An example of displays of the above kind are field emission displays (FED). For such displays, known driving methods can be categorized as pulse width modulation (PWM) and pulse amplitude modulation (PAM).

With pulse width modulation, the pixels are selected one row at a time by applying a positive voltage pulse to that row. The length of this pulse is equal for all rows and often equal to the line time. During the positive pulse on the row electrodes, a negative pulse is applied to all column electrodes. The widths of these pulses represent the gray levels of the corresponding pixels. The advantage of pulse width modulation is that it is relatively easy and cheap to implement. However, it is impossible to implement full range gamma correction with pure pulse width modulation, since this would require pulse width's in the order of nano seconds, which is physically impossible.

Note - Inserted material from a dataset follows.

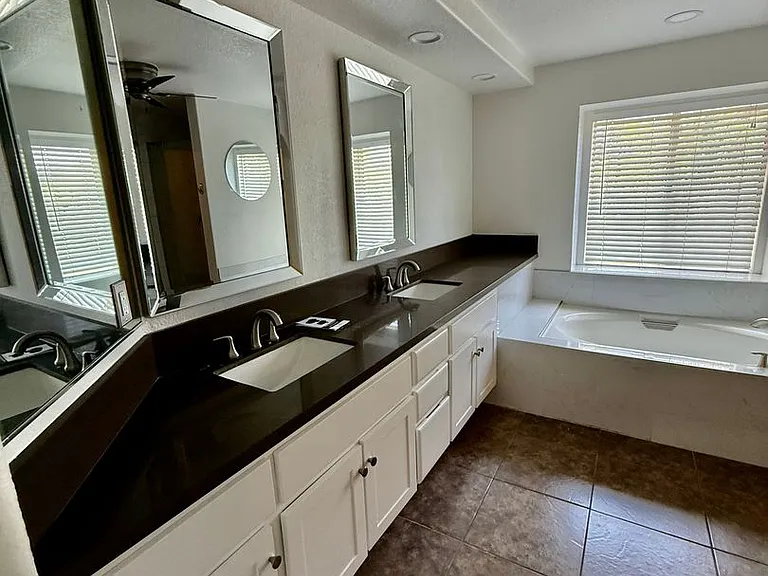 2154 Caraway Ct — Photo 14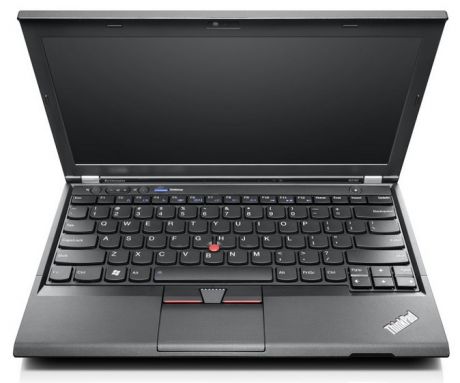 X230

With pulse amplitude modulation, the rows are selected in a similar way as with pulse width modulation. However, at the column electrodes, pulses of fixed width are applied. Now the amplitudes of the pulses are modulated to produce different gray levels. In this way, the IV-characteristic of the emitters, which is close to a gamma curve, is used, so that gamma correction is easy to implement. However, pure pulse amplitude modulation requires a digital to analog converter for each column, which is expensive.

An improved modulation technique was disclosed in U.S. Pat. No. 5,701,134. According to this technique, the pulse on the column electrodes has a predetermined amplitude modulated shape (e.g. a descending function), and is then pulse width modulated. This combination of pulse width modulation and amplitude modulation on the column electrodes makes it possible to achieve gamma correction, while only requiring one D/A-converter.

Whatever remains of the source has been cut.